Pandemic Perspective #19 July 25, 2020
COVID-19, obesity and Type 2 diabetes. Is this the wake-up call?
For more than a half century the First World has been experiencing epidemics of obesity and type 2 diabetes. They are so closely related that some use the term diabesity to emphasize their twinship. Together they are responsible for or contribute to the chronic non-infectious diseases that comprise nearly all of the leading causes of death. From the earliest weeks of the COVID-19 pandemic it was clear that obesity and diabetes, along with their complications of heart disease, hypertension, kidney disease and immune system dysfunction were serious comorbidities, especially among the elderly.
At the beginning of the 20th century only about five percent of Americans were obese and type 2 diabetes, which occurred mostly in persons of late middle age, was so uncommon that it wasn’t clearly differentiated from type 1 diabetes until the 1950s. Today’s numbers are appalling: more than forty percent of us are obese and nearly as many more are overweight. More than ten percent have type 2 diabetes, and 34.5 percent of Americans have prediabetes according to the CDC (Centers for Disease Control and Prevention in their 2020 report). These trends are getting worse, killing increasing numbers of Americans and threatening the economic stability of the healthcare system.
The SARS-CoV-2 virus is a particular threat to older persons not only because they have diabesity but because these conditions weaken an immune system that is already faltering because of the aging process. Diabetes causes damage in another way: the long-term elevation of blood sugar causes blood vessels to become distorted, leaky and unable to properly deliver oxygen and nutrients and to dispose of waste products. The final blow is coronavirus infection, which attacks already-damaged blood vessels. This seems to explain the high incidence of heart attacks, strokes, blood clots and peculiar changes in the fingers and toes of many victims.
The new coronavirus, already the source of surprises, has come up with another: it causes abnormally high levels of blood sugar in persons with no prior history of diabetes or prediabetes, a phenomenon called stress hyperglycemia. Patients with this complication as well as diabetics whose blood sugar has not been well controlled are two to three times as likely to die as those whose blood sugar stays in the normal range.
It’s a sad fact that obesity and type 2 diabetes are the results of lifestyle, not aging.

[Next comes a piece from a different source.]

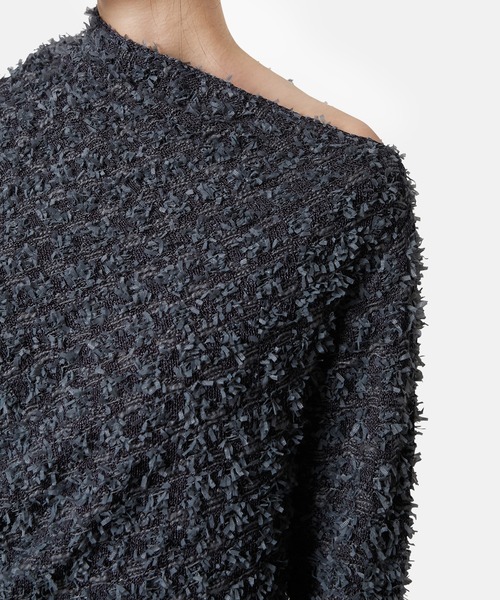 iRENE（アイレネ）の「ツイードニットトップス / Tweed Knit Tops（ニット/セーター・レディース・チャコールグレー/ホワイト/ダークブラウン・36）」の6枚目の写真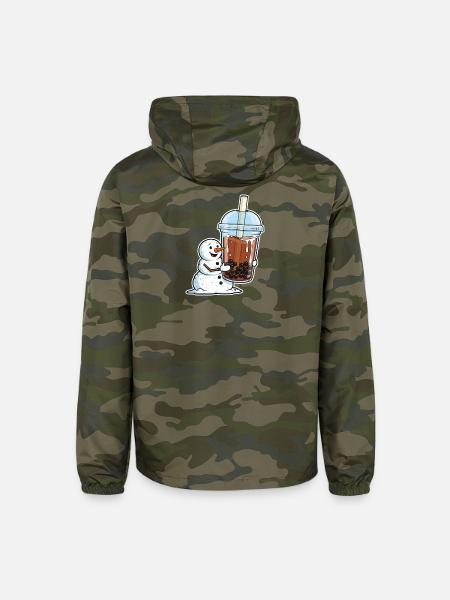 Snowman Bubble Tea Cup - Unisex Lightweight Windbreaker Jacket - green camo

Perhaps humanity can salvage something from the tragedy of this pandemic. Our children should learn the basic principles of good health in the classroom: a mostly plant-based diet that is free of refined grains and sugar, and regular physical activity. When the next pandemic arrives – and there certainly will be others – a population that is free of diabesity will handle it as well as the COVID-19-infected youngsters of 2020, virtually all of whom have come through it with ease.
Phil, I had a visit with a friend today who has type I diabetes. She exercises regularly, her weight is great, she eats well, but her sugar level is “brittle”. Would she have the same level of risk as a type II diabetic?
So appreciate your comments always. Thank you for being who you are!